Il y eut un long silence que je mis à profit pour jeter un coup d’oeil sur le reste de la tuyauterie .

-Claudine laisse-moi un peu de temps, laisse moi encore coucher quelque deux trois fois .que je m’habitue ;;;

Il me sembla entendre quelque chose tomber lourdement sur le parquet , comme un fauteuil avec peut-être un type dedans.

J’étais sidéré par ce bruit si lourd puis des bruits d’efforts suivi d’une respiration pénible et une sorte de râle. Je cherchais un joint neuf dans ma boite à outils .
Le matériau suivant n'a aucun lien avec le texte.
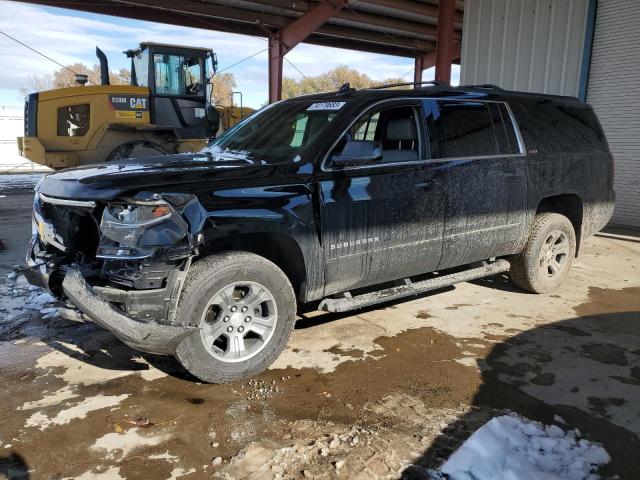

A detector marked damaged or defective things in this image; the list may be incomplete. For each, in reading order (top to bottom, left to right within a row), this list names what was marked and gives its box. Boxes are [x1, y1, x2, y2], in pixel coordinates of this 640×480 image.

– J’ai affreusement mal au genou Claudine. Laisse moi m’habituer Claudine. Il y va même de notre équilibre conjugal. Tu vois je te dis tout.. Quand, au bureau je suis énervé,d’une humeur de chien, Lucile m’accueille.Et une heure sur son lit,ou sur la table de la cuisine, suffisent pour que je retrouve le sourire. avec pour finir un whisky et deux glaçons et alors je reviens vers toi détendu, de bonne humeur,frais, dispos, cool, et on baise magnifiquement. Tu vois, je te dis tout. .

Norbert reprit :

-Je te jure son appétit sexuel n’a rien avoir avec le tien. Il est même assez banal .

-Et alors ?

-Le tien est tout sauf banal.. avec des moments inattendus et sidérants avec plein de petits détails coquins.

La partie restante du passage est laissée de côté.